Ever since GM sought to re-energize its luxury brand a decade or so ago, it has made it a cornerstone of their mission as a company to beat the Europeans at their own game – namely making fast, capable, and stealthy performance machines. Those marching orders continue with Cadillac’s ATS-V. It’s no easy task, however, with BMW’s new M3 sedan and M4 coupe becoming the new standard bearer and the Mercedes-AMG C63 already winning praise around the world.
But Cadillac hasn’t been one to back down from a challenge. The previous full-blooded V-series vehicle in their roster, the second generation CTS-V, proved that the company was a force to be reckoned with when the car broke the 8 minute barrier around the Nurburgring and captured the production sedan lap record from the Germans upon its release in 2008.
Despite being down nearly 100 horsepower from that car, Cadillac says the new ATS-V is faster around the track – a lot faster.
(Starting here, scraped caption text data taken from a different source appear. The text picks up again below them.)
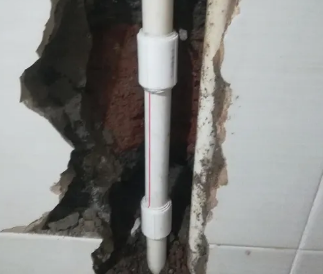 云浮市卫生间测漏水的相关案例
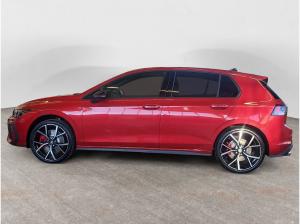 Volkswagen Golf 🔥 2.0 TSI GTI 🔥 | 🖤 Black Style | 💡 IQ.LIGHT | 🚗 AHK | 💼 Business Premium Paket | ⭐ Top-Ausstattung
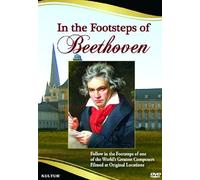 In the Footsteps of Beethoven [DVD] [2012] [Region 1] [US Import] [NTSC]
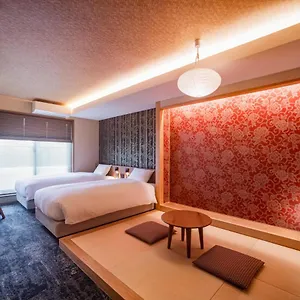 3* Hotel Rinn Gion Kenninji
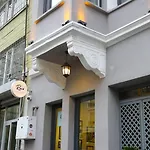 Roco Beyoglu Отель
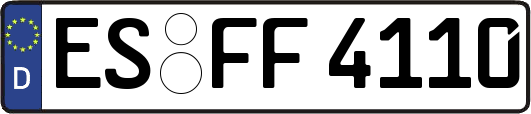 ES-FF4110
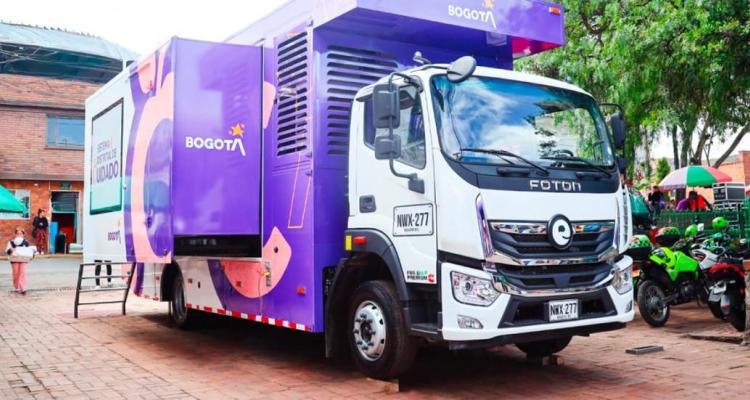 Buses del Cuidado cambian de territorio. Bus del Cuidado Urbano estará en Puente Aranda, en Ciudad Montes; en Kennedy, en Patio Bonito; y en Bosa, en Tintal Sur. Y el Bus del Cuidado Rural llegará a la vereda El Destino, en Usme; al sector Los Laureles I, en San Cristóbal; y a la vereda Mochuelo Alto, en Ciudad Bolívar.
And from our time driving around the streets of Los Angeles, as well as a stint behind the wheel for some fast laps at Willow Springs earlier this year, we certainly believe it.
The ATS-V sports a twin turbocharged, direct injected V6 that belts out 464 horsepower and 445 pound-feet of torque, up a whopping 262 horsepower and 173 pound-feet from that of a base four cylinder ATS. Helping reign in all that newfound grunt is a set a six-piston Brembo brakes up front and four-piston units in back, while a heavily revised suspension that features third-generation Magnetic Ride Control helps keep the car planted in the corners.
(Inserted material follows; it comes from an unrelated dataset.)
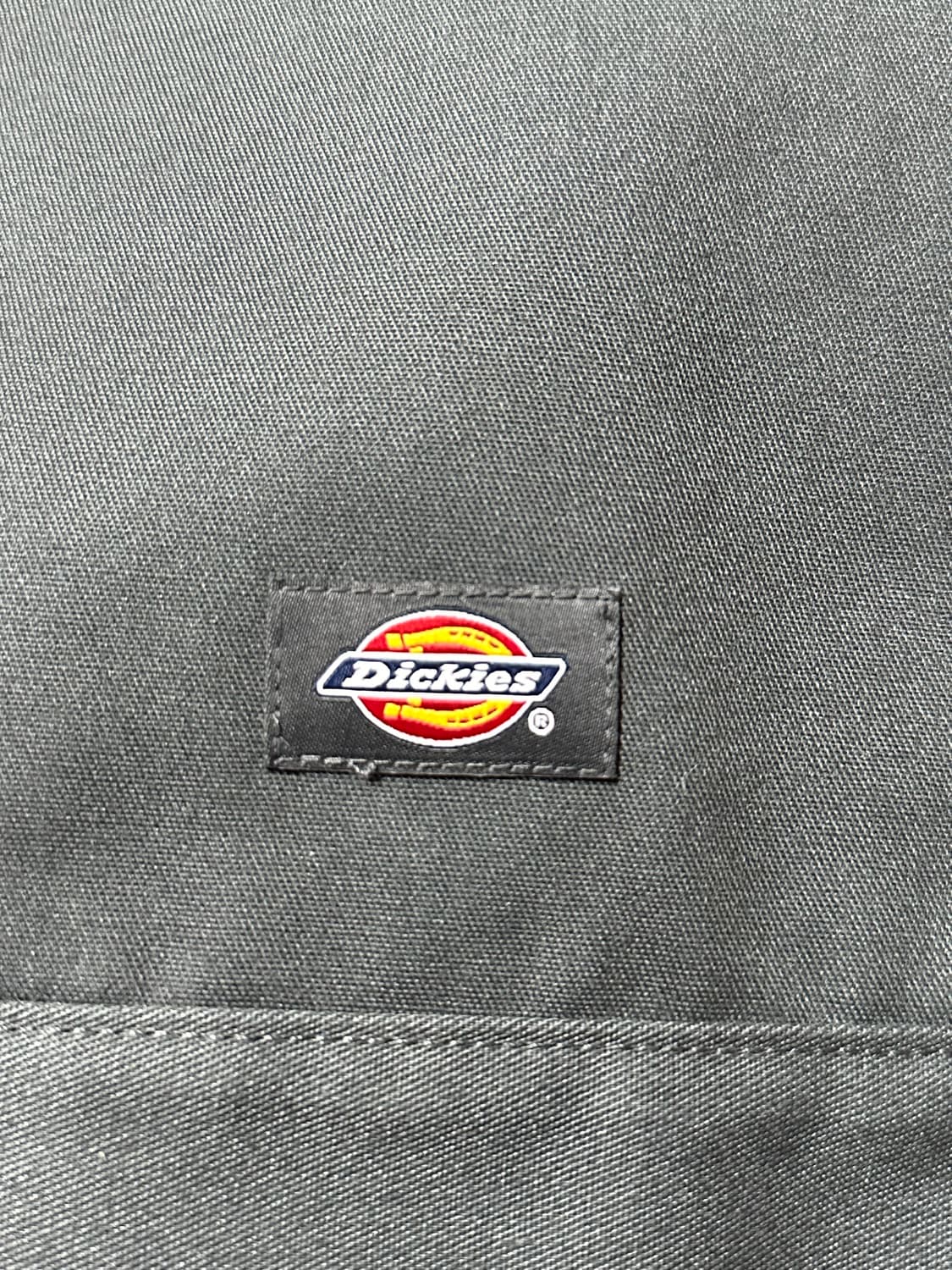  디키즈 아이젠하워 레귤러핏 자켓 Charcoal M 상품이미지3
This, combined with structural reinforcements that increase rigidity by 25 percent, bolstered aero, grippier rubber and a host of advanced performance technologies derived from the Corvette and Camaro programs equates to a comprehensive package that’s just as comfortable dispatching Turn 5 at Big Willow as it is pulling up to the valet at Spago.
While that twin turbo V6 might be lacking some of the personality found in AMG’s new 4.0-liter V8, it’s certainly not wanting for power – turbo lag is minimal and mounds of torque come on early, making the ATS-V feel especially lively both on the street and out on the road course.
At a base price of $61,460 (or $69,905 as tested), the ATS-V is generally pound-for-pound cheaper than its German counterparts, though some of that savings comes through in the lackluster interior tweaks made for the V-series trim. On the whole however, the ATS-V proves to be a real contender in the segment.